RED STAR Yes, and what do you do with a person who is from one tribe making another tribe’s work? Do they get in trouble? It’s Native-made.
THOMPSON It’s amazing to hear Harkins describe her experience at the end of the Fake, Part 2 portion of the video, where she speaks of being adopted and not having the direct connection to her culture that she would have had growing up on the rez. I hear an urban Native experience of feeling displaced in her identity. It’s a gray area as far as the Indian Arts and Crafts Act is concerned. If we actually look at the history of colonization, the history of removal, and the cultural ruptures that result from it, then where do post-colonial experiences of Indigeneity fit in? What is Native art, and who can make that? As a Cree woman who has never been to my own reservation, I often wonder myself.

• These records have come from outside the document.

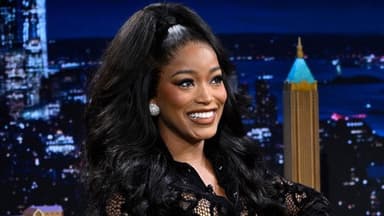 Keke Palmer, William Zabka, Mickey Drexler, Rauw Alejandro still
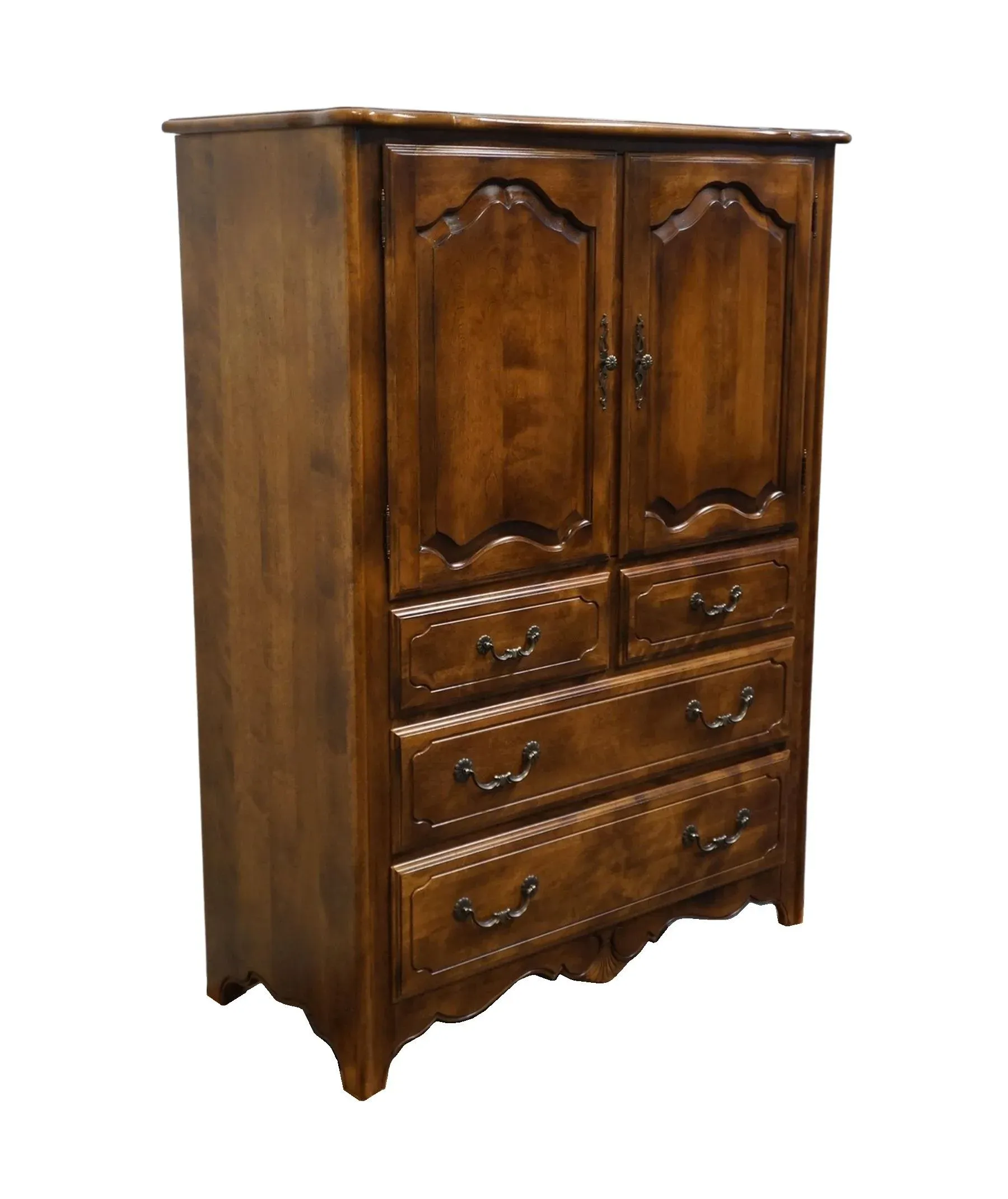 Ethan Allen Country French Collection Solid Birch 41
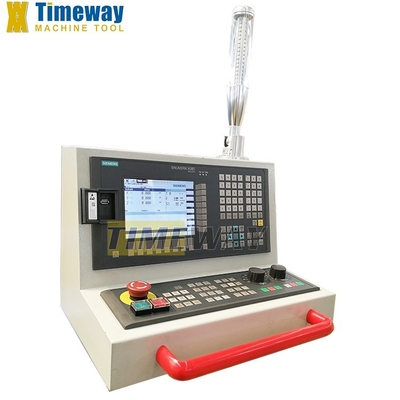 Grinder per superfici CNC di precisione con lunghezza di rettifica 1000 mm Alta precisione ed efficienza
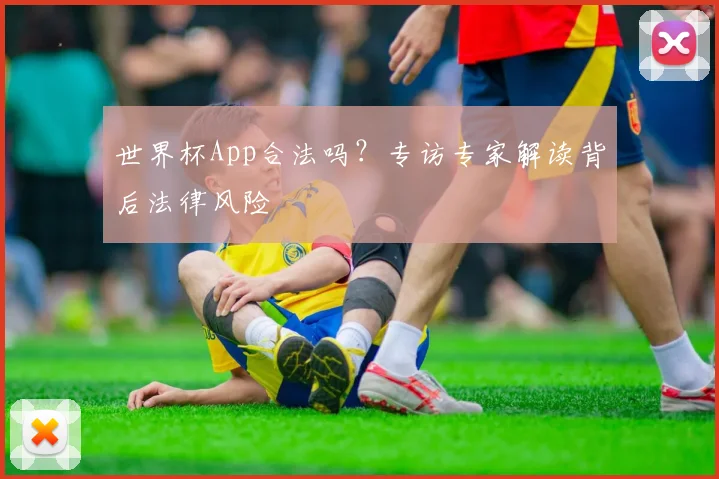 世界杯App合法吗？专访专家解读背后法律风险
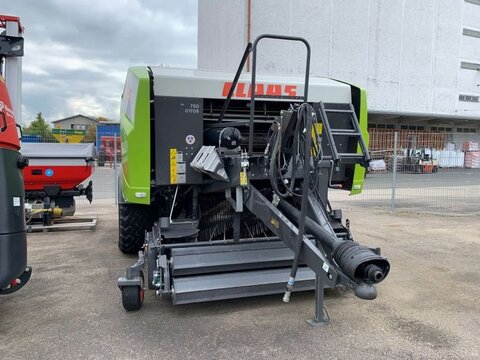 Claas ROLLANT 455 RC UNIWRAP 2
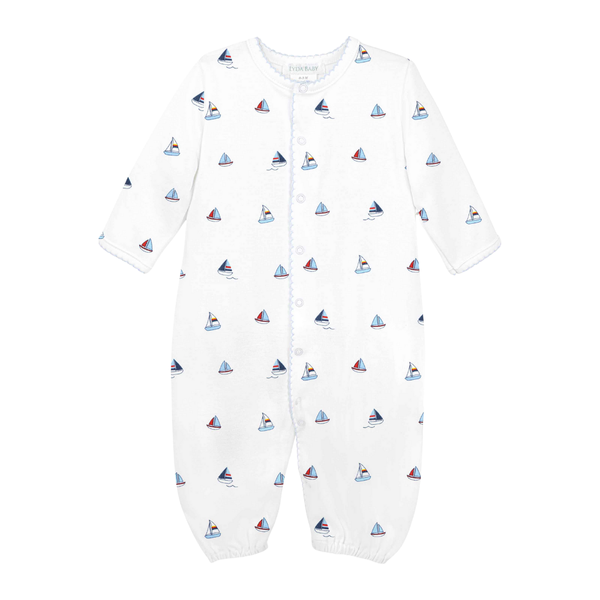 LydaBaby | Enterizo Small Sailboats para Bebé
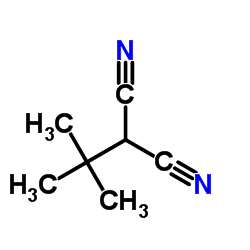 叔丁基丙二腈结构式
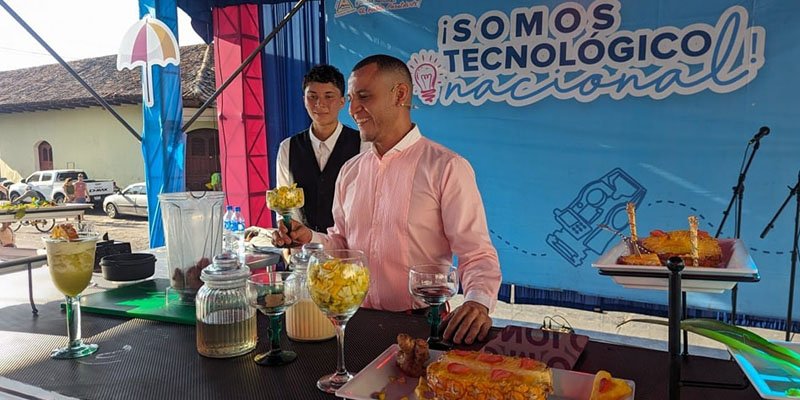 Sabores, mucho talento y creatividad en el Festival Tecnológico de Verano 2024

RED STAR Who gets to tell you what that is? When you look into the Indian Arts and Crafts Act, it says you have to be enrolled in a federally recognized tribe, so we’re falling back on the government’s standard. There was a time when Duane Linklater went on social media and told people to turn him in to the Indian Arts and Crafts board, call 1-888-ARTFAKE. It made me laugh. I thought I could get turned in, too, because I feel like a fraud according to their definition of Native art.
For Linklater and for me it was a joke, but Harkins actually made this work. It feels very authentic, even when she’s trying to tell you that she’s not authentic. The twist is that she is now enrolled in the Cherokee tribe. She lives near her community in Oklahoma.
THOMPSON The way that this show is laid out reads as participatory. As you walk through the space, there are interventions guiding your path, and these dialogues playing into each other.
RED STAR The works aren’t totally segregated. Like you said, they are sewn into each other. I remember being told I make political art as an undergrad, when I didn’t have any knowledge of contemporary art. I made an installation where I brought lodge poles on the hours-long drive from my reservation and erected them on campus, which I had found out was traditional Crow territory. My professor said I made very political work. I was shocked. I thought I was just stating the truth. Years later I understood why my professor thought of my work as political. It resides outside the colonial norm and that can make people uncomfortable. The artists in “Our Side” aren’t afraid of that. If we as Native contemporary artists are to be included in the mainstream, we need more shows like this out there, along with more concentration on individual Native artists and their voices.